CommonCrawl index date range code is broken
cdxt --cc --from 2021 --to 2020 -v -v --limit 1 iter https://www.pbm.com/
INFO:cdx_toolkit.cli:set loglevel to DEBUG
DEBUG:cdx_toolkit.myrequests:getting https://index.commoncrawl.org/collinfo.json None
DEBUG:urllib3.connectionpool:Starting new HTTPS connection (1): index.commoncrawl.org:443
DEBUG:urllib3.connectionpool:https://index.commoncrawl.org:443 "GET /collinfo.json HTTP/1.1" 200 1157
INFO:cdx_toolkit.commoncrawl:Found 87 endpoints in the Common Crawl index
INFO:cdx_toolkit:making a custom cc index list
INFO:cdx_toolkit.commoncrawl:using cc index range from https://index.commoncrawl.org/CC-MAIN-2021-04-index to https://index.commoncrawl.org/CC-MAIN-2020-50-index
INFO:cdx_toolkit:get_more: fetching cdx from https://index.commoncrawl.org/CC-MAIN-2021-04-index
The above date range should be empty.
I've recently started using ranges and hit this issue. Is this likely to be picked up in the near future? I've also noticed that the 'closest' argument for commoncrawl works okay and creates a 3 month window, but does not wayback.
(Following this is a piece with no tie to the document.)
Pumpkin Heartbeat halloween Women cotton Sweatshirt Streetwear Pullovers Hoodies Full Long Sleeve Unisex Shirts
Can you give some examples? The bug I was complaining about shouldn't affect any real usage.
Sorry I think I might have miss-understood how the ranges work. It looks like if I put from=20220101 it will use the index CC-MAIN-2021-49 (November 2021), and if I put from=20220401 it will use the CC-MAIN-2022-05 (January 2022). Looks like it actually uses the closest index to the date that's below the date provided.
For wayback if I use closest=20221007 it seems to extract URL's with a 2019 timestamp. Using from and to is okay with wayback however.
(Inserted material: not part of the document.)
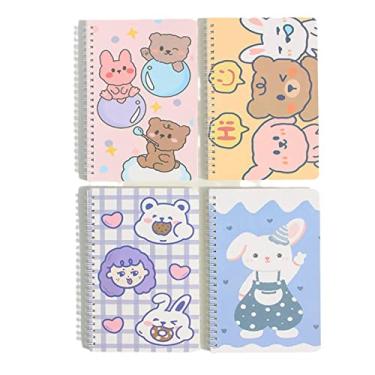 Imagem de Caderno espiral A5 com desenho fofo e 60 folhas Kawaii Bunny Bear Agenda diária semanal, organizador de notas, material escolar, bloco de notas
OK, so Common Crawl is doing the right thing, and the closest on wayback issue is a problem on the Internet Archive side, something I can't control.
I don't know what precisely you're trying to explain but my issue is also related to the index date ranges, though I'm trying to programmatically use them with from_ts. Using it with the iter method isn't working. Doesn't return anything. Using it without works, but I don't need every capture going back a year or whatever the default is.